Tempting as it often is in this instance, no chunky new volume of Edmund Wilson's writings can be ignored. Nor would a serious reader want to ignore the passages in these 700-plus pages from Wilson's notebooks and diaries that sharply evoke a depression decade of hardship, valor, frivolity, and political challenge instructive for today. Taken with another New Republic alumnus's recent memoir of the period -- Malcolm Cowley's "The Dream of the Golden Mountains" -- these jottings freshen the historical record with a literary eye.
Yet "The Thirties" and Wilson's "The Twenties" of five years ago do invite dismissal in relation to the finished, pungent, magisterial criticism that is his best legacy. They are not really books but the raw -- sometimes very raw -- materials of books. And, aside from listing the contents, there is not much to say about "The Thirties" beyond what was said about "The Twenties," except that the earlier volume offered more of the wry perspective provided by Wilson's added latter-day comments and explanations, since he had more of them completed before his passing.
Also in "The Thirties" Wilson's tortured reaction to the sudden loss of his second wife, Margaret Canby, brings him to the reader in an unusually personal way, though his skilled editor, Leon Edel, notes that Wilson often wrote down experience in order to depersonalizem it. There are glints of almost Woody Allen humor in Wilson's recollection of a dream in which William Randolph Hearst was gradually talking him into doing a regular newspaper feature when he woke up -- not mention an out-and-out nightmare when "I dreamed I was a chapter of a Malraux novel."

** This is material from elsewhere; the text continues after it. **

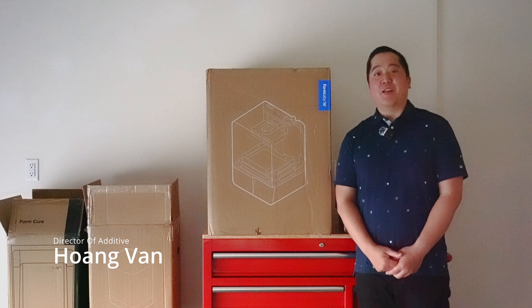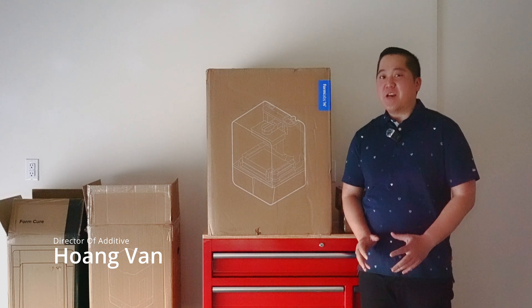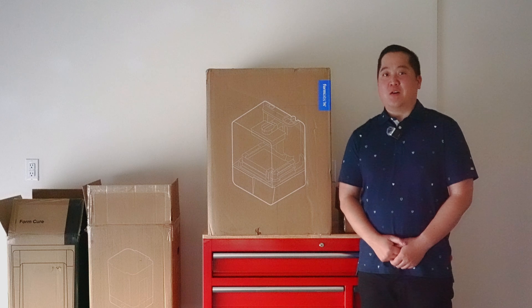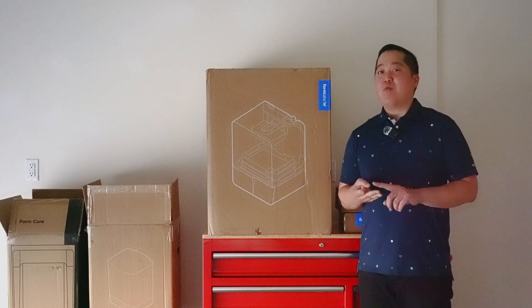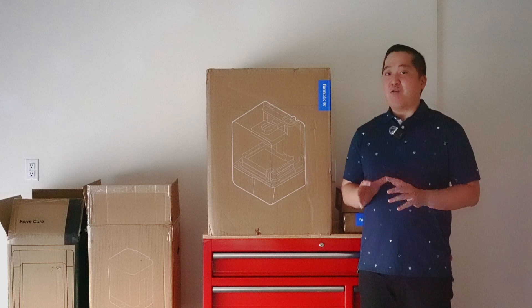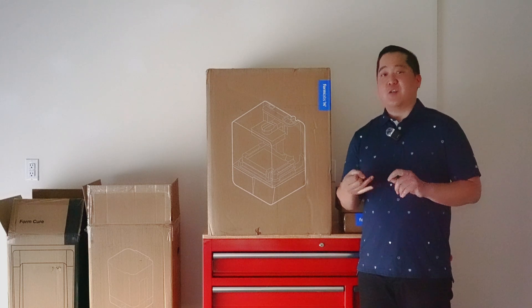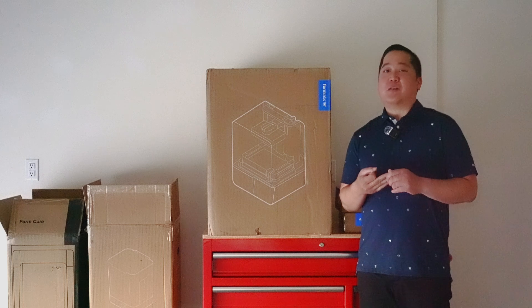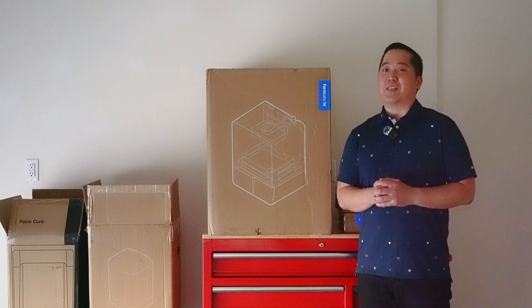Hey everyone, Wang from Indicate Technologies, and today I'm going to showcase the brand new Formlabs Form 4. I'm going to show you the unboxing, setup, and workflow, just to show you how easy it is to incorporate it into either your office, your makerspace, labs, classroom, or even your home garage. Let's get started.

But in "The Thirties," as in "The Twenties," Wilson keeps on turning a major man of letters, concerned with moral distinctions in literature and society, into a lesser individual seemingly immune to simple ordinary standards of sexual morality. He has what Professor Edel calls a "delight in keeping Casanovaesque records of his adventures." And Wilson's favorite among his own works is the fictional "Memoirs of Hecate County" based on these explicitly described adventures to the point of being banned by court order back in the 1940s.

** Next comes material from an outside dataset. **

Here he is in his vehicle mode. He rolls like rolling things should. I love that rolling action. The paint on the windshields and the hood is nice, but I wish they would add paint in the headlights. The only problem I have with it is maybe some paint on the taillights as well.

Boston publisher David R. Godine's new paperback edition of "Hecate County" arrives with comments as if, of course, it presents no problem anymore in this "liberated age." Yet there remains a problem -- maybe even more so in this age when rights and respect are for women as well as men. The relations of the sexes are demeaned.
A resistant reader is placed a little in the position of the playwright in "The Thirties" who was asked by a movie mogul what he thought of a certain picture.
"I think it's appalling," he said.
"But, aside from that, what do you think of it?" asked the mogul.
Wilson had the range to respond to Hollywood humor as well as New York wits, Southern sharecroppers, symbolist poets, historical thinkers. It serves no purpose to overlook his flaws or make a virtue of them just because he did. In the preface he drafted for "The Twenties" he modestly asked readers to make allowances for the possibility that he was unfairly harder on others than on himself. Perhaps he suspected that, in regard to himself and his work, he was not always among those he once praised as "the people who can distinguish Grade A and who prefer it to other grades."